Ignoring Pages & Documents

Using Index Manager Tool

To exclude or ignore certain pages on the web-site, before importing a new source, select 'More Options' and set 'Path matches to be ignored' to a part of the path that should be ignored.

If for example a support forum on the site has numerous duplicate pages with different URLs (reply links, reply with quote links) then it is desirable to exclude the duplicates from the index at the crawling stage.

Suppose that the links are as follows:
http://localhost/forum.aspx?action=reply&mesgid=1

http://localhost/forum.aspx?action=view&mesgid=1

http://localhost/forum.aspx?action=reply&mesgid=2

http://localhost/forum.aspx?action=view&mesgid=2

and that the 'reply' pages contain the same text as the 'view' pages. To prevent the 'reply' pages from being added to the index at the crawl stage we can add an element to the 'Path matches to be ignored' collection; "forum.aspx?action=reply" - which will prevent any URLs that contain that text from being added. It is a collection and can contain multiple URL segments to be ignored.

Note, if an index has already been created, setting this will have no effect on documents already in the index, so if necessary, delete the index and recrawl.

Robots Meta Tag

The de facto standard 'robots meta tag' can be used to control whether links are read (nofollow), or content is indexed (noindex), for a page.

<meta name="ROBOTS" CONTENT="NOINDEX, NOFOLLOW"/>

To ignore the robots meta tag, set RespectsRobotsMetaTags to false in the configuration.

Keyoti Robots Meta Tag

In cases where it is desired to only block the SearchUnit indexer, but still allow other ROBOTS such as Google, use the custom Keyoti_ROBOTS tag in a similar way to the standard ROBOTS tag.

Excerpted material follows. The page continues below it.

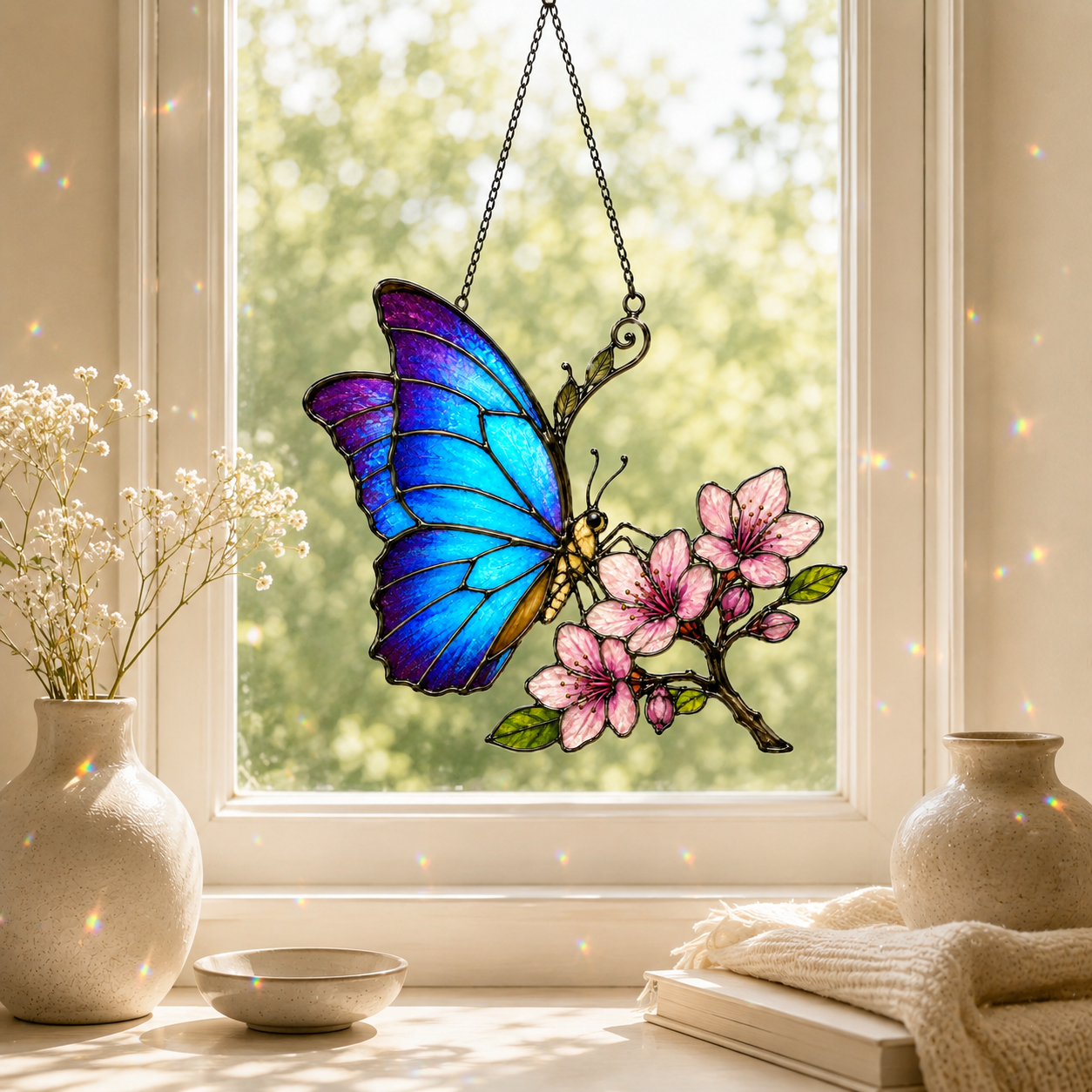 Blue Morpho Butterfly & Pink Cherry Blossom Holographic Acrylic Suncatcher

<meta name="Keyoti_ROBOTS" CONTENT="NOINDEX, NOFOLLOW"/>

The configuration parameter RespectsRobotsMetaTags has no effect on whether this tag is observed.

Programmatically

Specifying pages not to index can be handled programmatically during import by passing an ArrayList of strings;

C#

   DocumentIndex imp = new DocumentIndex(Configuration);
   urlStrings = imp.Import(new WebsiteBasedIndexableSourceRecord(startUrlString, 
				pathMatchesToBeIgnoredList, pathMatchesToBeIncludedList));
   imp.Close();

(pathMatchesToBeIgnoredList and pathMatchesToBeIncludedList can be null/Nothing)